Crisp Museum
- Established: 1976 (as the University Museum)
- Location: Cape Girardeau, Missouri
- Coordinates: 37°17′48″N 89°31′19″W﻿ / ﻿37.2966°N 89.5220°W
- Type: Art and history museum
- Visitors: Museum Manager James M. Phillips
- Curator: James M. Phillips
- Website: http://www.semo.edu/museum

= Rosemary Berkel and Harry L. Crisp II Museum =

The Crisp Museum, formally the Rosemary Berkel and Harry L. Crisp II Museum is a U.S. museum located on the River Campus of Southeast Missouri State University in Cape Girardeau, Missouri. It features displays and exhibitions of archaeological and historical artifacts, as well as paintings and other artworks.

Originally the University Museum, the museum received its current name in 2001, and opened in its new building on the River Campus in 2007.

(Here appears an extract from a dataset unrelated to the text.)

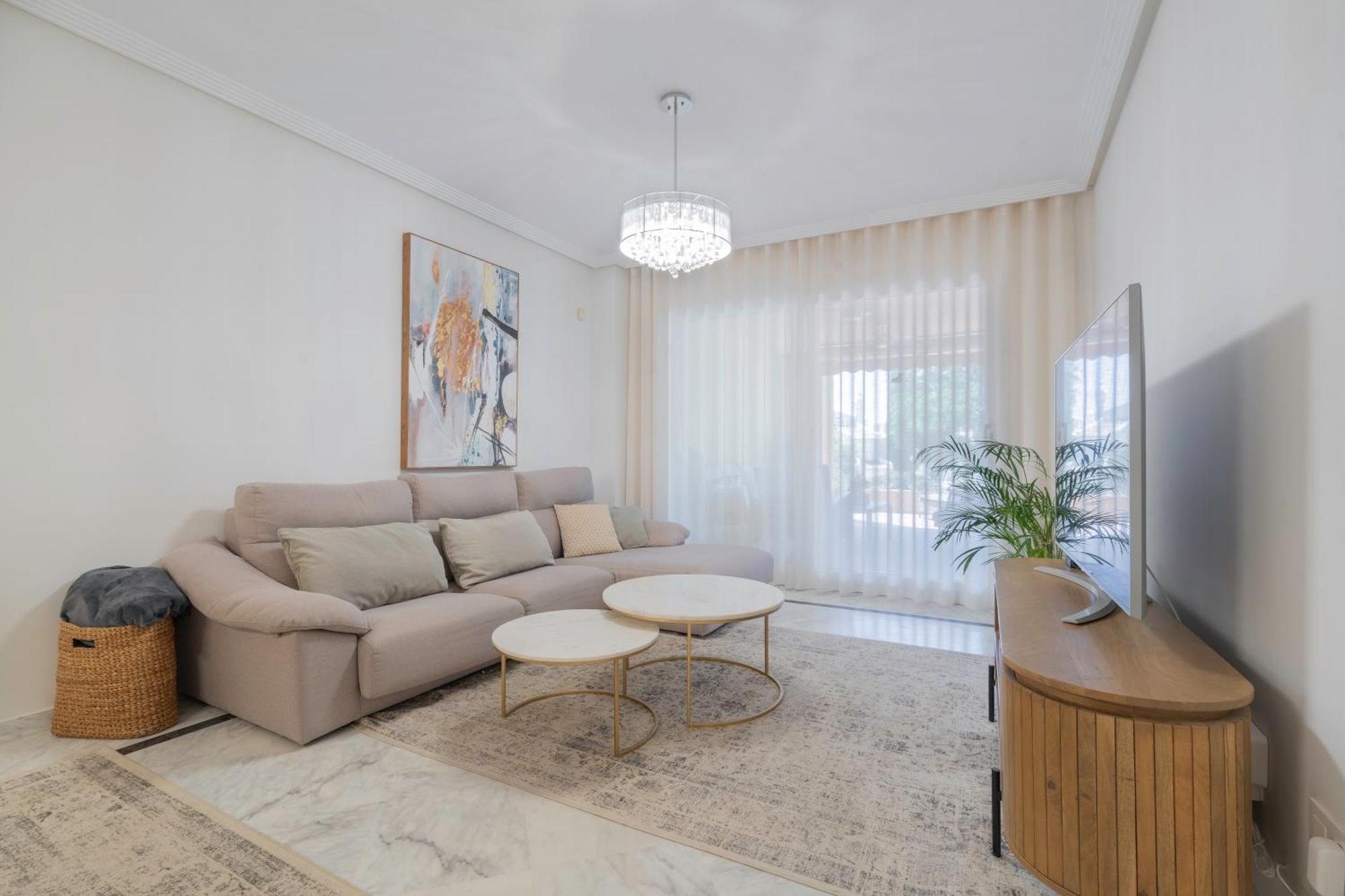 Bahia De - Luxury Apartment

The museum's archaeological collections feature artifacts excavated from prehistoric effigy mounds in Missouri, including ceramic conch shell effigies, whole vessels and stone tools dating from the Paleo-Indian to the Late Mississippian periods. Other Native American items include Kachina dolls, Southwestern blankets, baskets, and decorative beadwork. The museum's history collections include military items, firearms and their accessories, clothing and hand tools.